● **Work request**: For the entries below, print exactly the lines between the line holding "Lion Wall Art" and the line holding "18K Gold-Plated Carved", inclusive, and nothing else.

● **Provided records**:
BEGIN

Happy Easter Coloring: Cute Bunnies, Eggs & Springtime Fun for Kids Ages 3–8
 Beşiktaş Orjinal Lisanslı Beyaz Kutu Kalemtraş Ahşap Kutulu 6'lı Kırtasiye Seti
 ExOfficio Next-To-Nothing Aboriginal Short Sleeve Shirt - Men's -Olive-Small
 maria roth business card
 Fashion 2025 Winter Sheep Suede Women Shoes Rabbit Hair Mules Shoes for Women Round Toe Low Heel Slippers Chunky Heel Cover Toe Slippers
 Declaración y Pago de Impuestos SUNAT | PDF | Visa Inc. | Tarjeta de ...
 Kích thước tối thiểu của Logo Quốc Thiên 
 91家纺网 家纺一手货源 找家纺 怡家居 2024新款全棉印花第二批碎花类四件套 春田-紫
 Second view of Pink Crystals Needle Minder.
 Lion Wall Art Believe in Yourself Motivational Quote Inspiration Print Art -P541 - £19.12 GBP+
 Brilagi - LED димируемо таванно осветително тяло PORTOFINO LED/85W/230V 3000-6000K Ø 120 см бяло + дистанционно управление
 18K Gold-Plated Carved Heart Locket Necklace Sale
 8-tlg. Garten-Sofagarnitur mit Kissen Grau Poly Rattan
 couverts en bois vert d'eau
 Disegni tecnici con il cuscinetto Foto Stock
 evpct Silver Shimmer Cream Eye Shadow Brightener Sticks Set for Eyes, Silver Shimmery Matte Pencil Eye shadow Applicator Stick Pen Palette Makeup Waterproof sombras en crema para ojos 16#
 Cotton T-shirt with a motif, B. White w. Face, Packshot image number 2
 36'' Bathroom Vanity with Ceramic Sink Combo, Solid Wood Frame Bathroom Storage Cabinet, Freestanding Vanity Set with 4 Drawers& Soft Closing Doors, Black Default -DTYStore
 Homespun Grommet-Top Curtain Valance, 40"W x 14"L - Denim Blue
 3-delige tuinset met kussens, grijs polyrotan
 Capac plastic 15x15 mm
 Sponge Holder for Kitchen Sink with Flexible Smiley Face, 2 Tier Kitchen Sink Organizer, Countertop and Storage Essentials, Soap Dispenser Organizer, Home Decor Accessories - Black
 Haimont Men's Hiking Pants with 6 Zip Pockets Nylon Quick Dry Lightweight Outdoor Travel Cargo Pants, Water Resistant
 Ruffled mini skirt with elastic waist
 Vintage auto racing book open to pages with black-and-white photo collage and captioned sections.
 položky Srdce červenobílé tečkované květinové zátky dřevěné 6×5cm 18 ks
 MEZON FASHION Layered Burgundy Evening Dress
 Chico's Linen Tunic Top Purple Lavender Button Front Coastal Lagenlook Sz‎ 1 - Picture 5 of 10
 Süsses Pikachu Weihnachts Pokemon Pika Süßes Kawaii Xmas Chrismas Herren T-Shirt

END

● **Exercise result**:
 Lion Wall Art Believe in Yourself Motivational Quote Inspiration Print Art -P541 - £19.12 GBP+
 Brilagi - LED димируемо таванно осветително тяло PORTOFINO LED/85W/230V 3000-6000K Ø 120 см бяло + дистанционно управление
 18K Gold-Plated Carved Heart Locket Necklace Sale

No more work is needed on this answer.